“Score your recommendations on impact (1-5) and effort (5-1). Average both scores and that’s a neat way to prioritise your audit!”
“Copy/pasting generic advice from SEO tools and handing in a 30+ page audit won’t make developers love you more. Break down issues into smaller tasks and present them in the context of the website you’re auditing. Then prioritise them by least effort/maximum ROI before submitting.”
“Explain the SEO performance effect of the issues mentioned. This will help them realise the importance. After delivering the audit, meet with your client and ask for business priorities and resources. Select together the important items to start working on, setting deadlines.”
“Don’t assume you understand difficulty/complexity around a recommendation until you have spoken to the developers. Do your best to understand the platform and the limitations and then rethink your audit recommendations based on impact against effort.”
“Don’t just rely on tools. Crawlers can be great at finding issues but the human touch is important. Plus, Google is becoming user-first. Run through the site as if you were a user and find those sticking points – if you’re having issues, other users are likely to as well.”
“Always ask what are their preferred style of communication. Some devs team just want a list of the issues and will come up with the solutions. Some others want super detailed information on what should be done to solve errors. Make sure you do that before sending your findings.”
“While sharing the audit and recommendations, it’s good to mention WHY for recommendations. For example: Recommendation: Use ‘alt’ tag with images. WHY: So that search engines can better understand what this image is about, this will help it better understand your content.”
“The purpose of an SEO audit is not to recommend solutions, it’s to get those solutions implemented. An importing distinction. From is this the right thing to do? To what are the high-output activities that can realistically be implemented. And…how can you sell it to them?”
“Prioritise according to potential impact and difficulty. Avoid recommendations that are low impact and high difficulty. Don’t be afraid to leave out recommendations that won’t really make much difference”
“Your prioritisation based on your audit findings will probably not match the business priorities so before you start talk to them and understand how they get development time booked and how long that can take to get changes.”

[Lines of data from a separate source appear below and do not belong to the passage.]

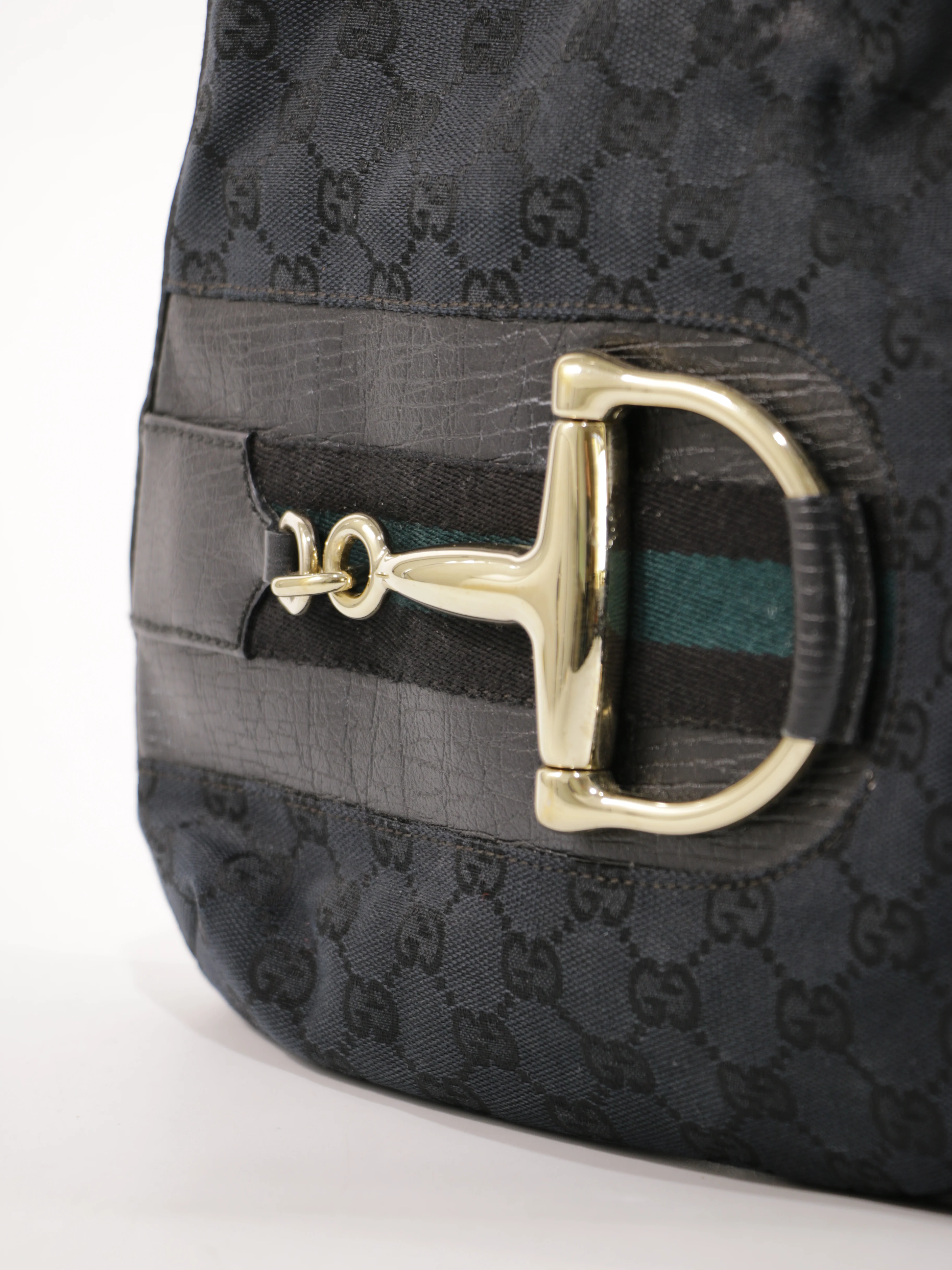 Shoulder Bag - Image 7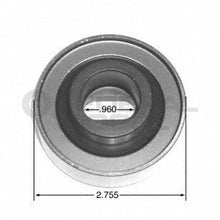Cargar imagen en el visor de la galería, Tensor Cadena Tiempo Sealed Power 222-204Bt - Mi Refacción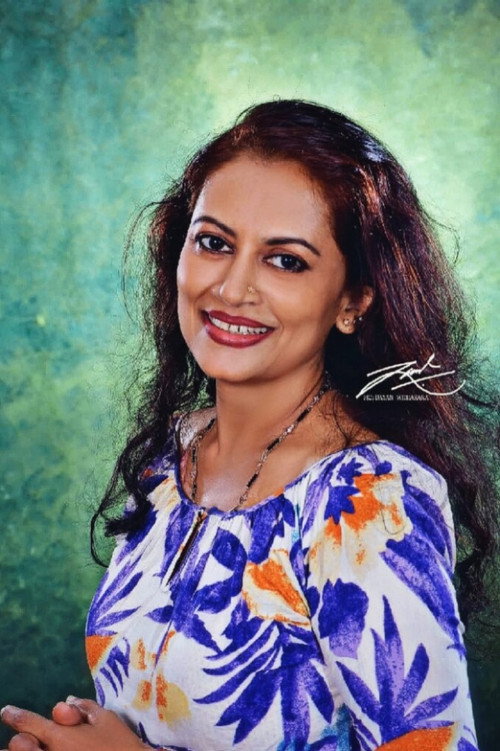 Tharaka Wasalamudaliarachchi profile photo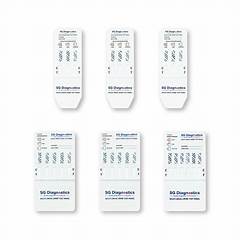 Amazons Drug Testing A Relic Of The Past Or A Necessary Evil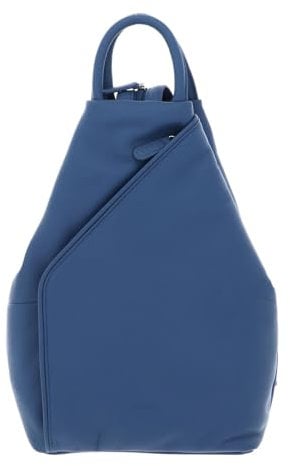 Picard Luis Backpack Wintersky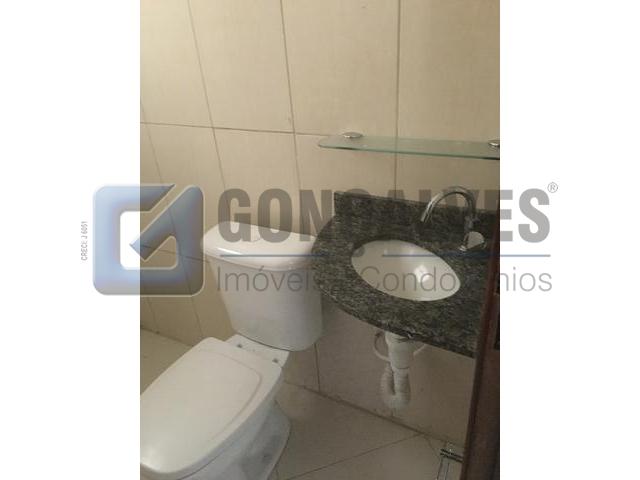 2942, Apartamento Cobertura Duplex, à venda, à venda, 420.000,00,Vila Guarani, Santo André,2 quartos: 892807015096438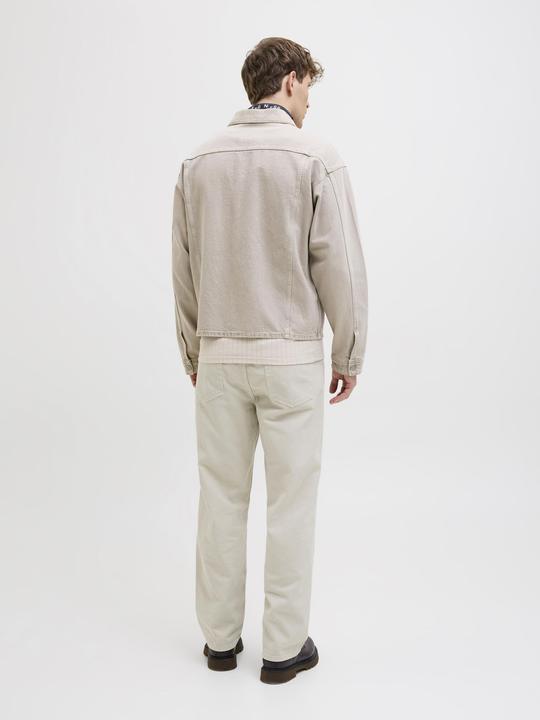 Immagine prodotto Jack & Jones Wide Leg Fit 5-Pocket Hose 5-Pocket Hose (W28/L32)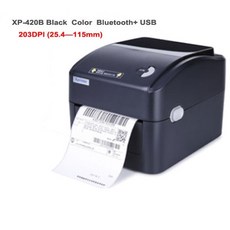 갈릴레오망원경20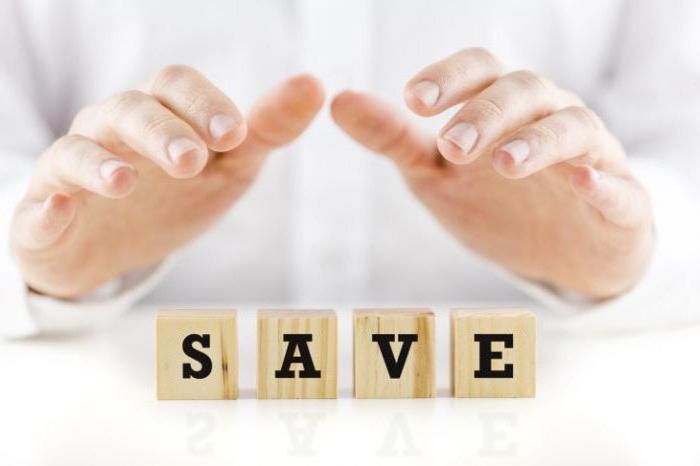 how to reduce family budget expenses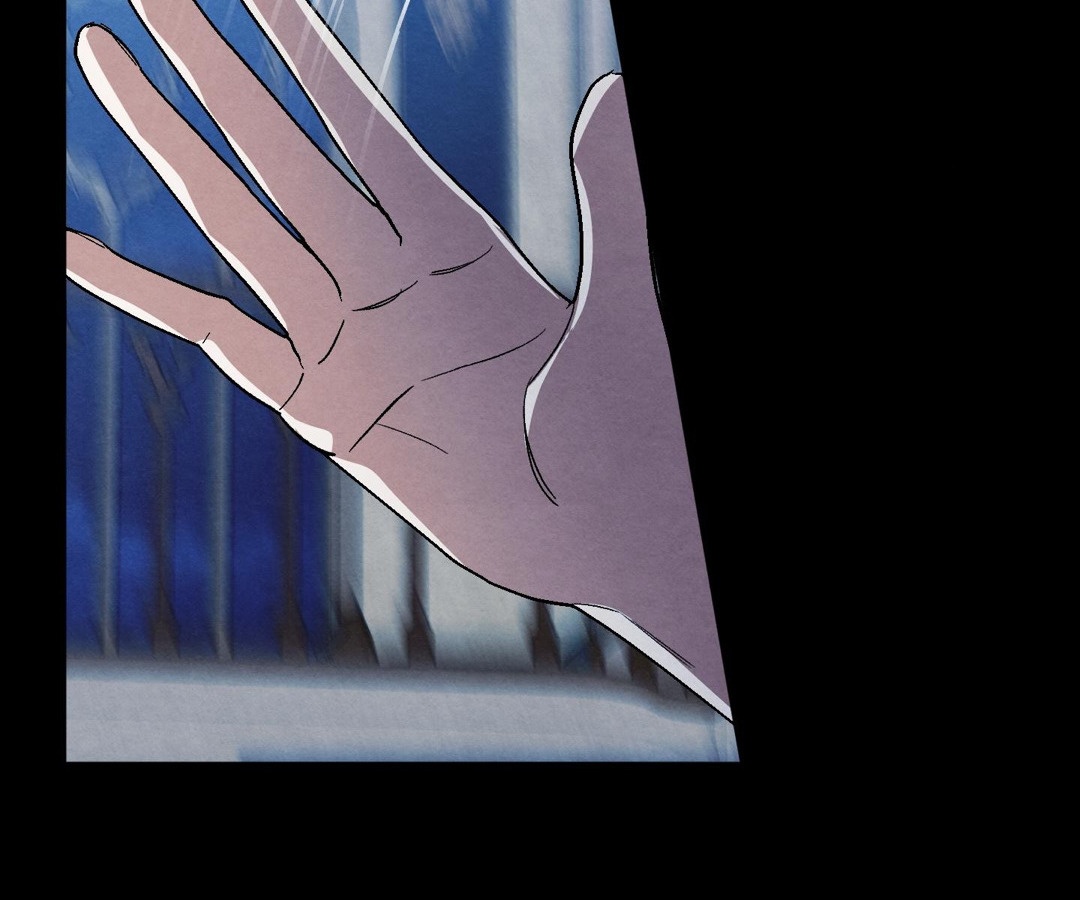 To My Beloved Master(ถึงนายท่านที่รัก) ตอนที่ 5 - รูปที่ 2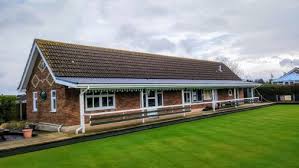 Image result for Wellmeadow Bowling Club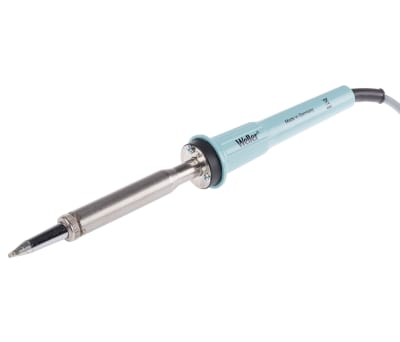 Product image for W range Magnastat solder iron,120V 100W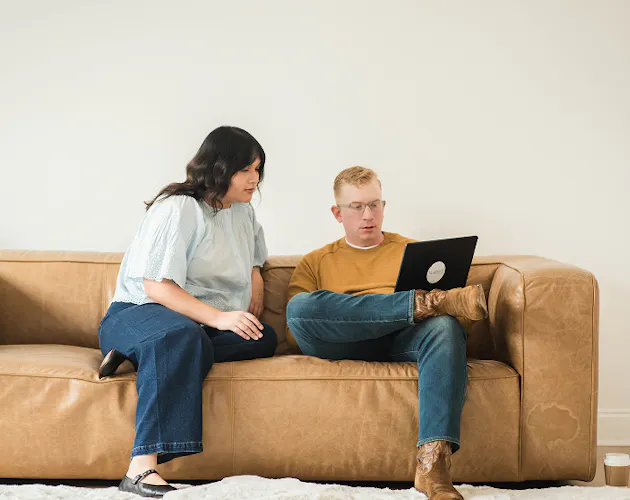 Creative Production at Bluebird Creative Agency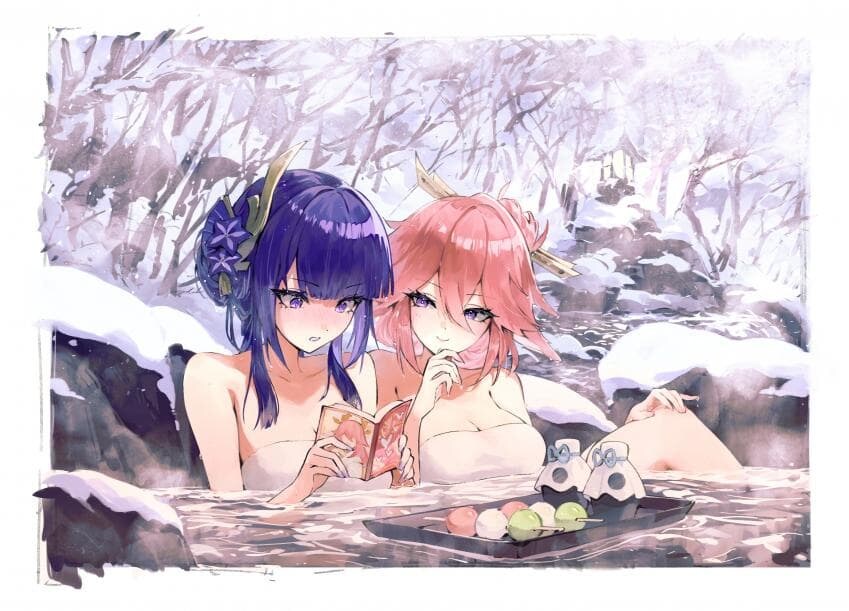 짤 모음 입니다 (데이터 후방 주의 입니다)_1.jpg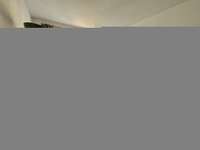 Location appartement 5 pièces Location appartement 5 pièces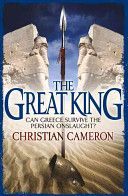 Great King (Cameron Christian)(Paperback)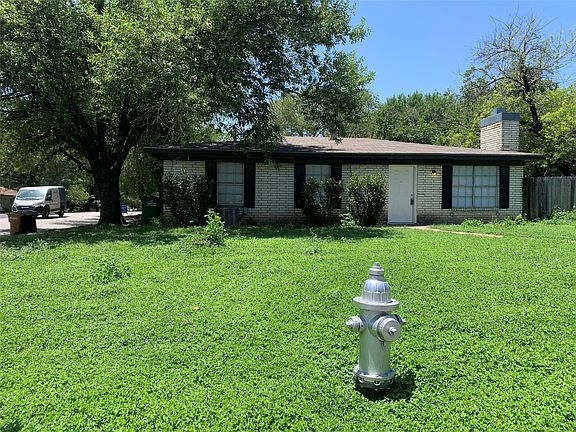 2nd image of 2519 Glen Springs Way
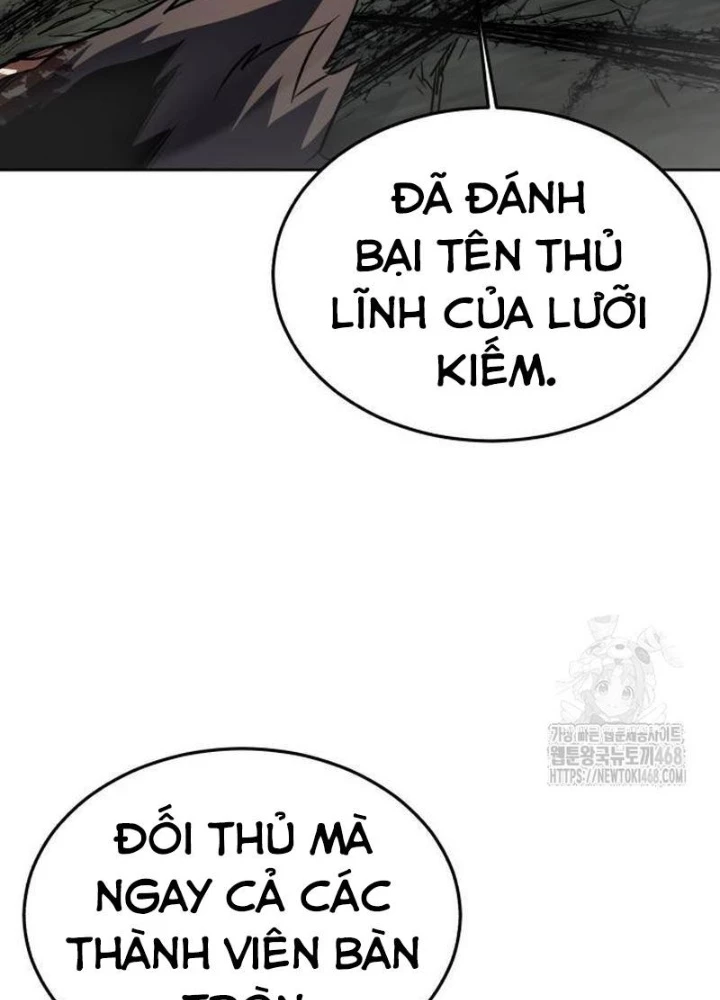 Cậu Bé Của Thần Chết Chapter 274 - Trang 2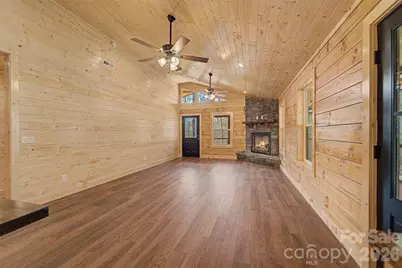 677 Ridgetop Circle, Whittier, NC 28789 - Photo 16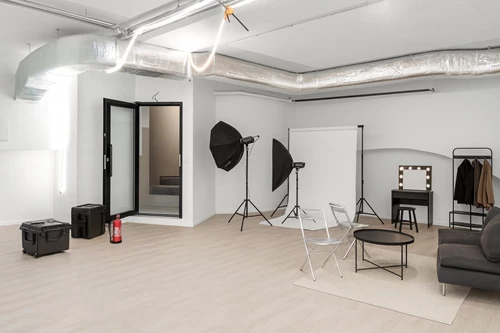 Riddargatan 17 Östermalm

“Weight up actions and priorities based on their SEO impact, business importance, and ease to resolve to win buy in from stakeholders and plan your roadmap more effectively and in a more meaningful manner”
“Make sure your recommendations are aligned with both the business goals and the objectives of the project. It’s right that clients don’t always know what they need, especially when tech/seo elements are involved, but finding the balance is your (difficult) job.”
“Calculate a forecast overall, group your recommendations in a few key pillars for SEO success (~5), prioritize the pillars based on SEO impact to your forecast this year, define projects linked to these pillars, get buy-in and resources, report on operational progress and results”
“Be prepared to explain the why behind your recommendations along with possible impact. Be open to feedback & push back on timelines based on resources such as internal dev teams. Always remember it’s about doing what’s best for the client to meet their business goals.”
“Before diving in to an audit first take a step back and understand what goals of the page/site are. With that in mind look at the site through the eyes of the ideal visitor before firing up your crawling tool. An audit is more than just running through a series of technical tests”
“Set a goal of what you want to get or where you are going. Not to rely on checklists and automated report generators. Perform manual checks of major pages. Take a look at neighboring niches websites for ideas where to improve if the goal implies.”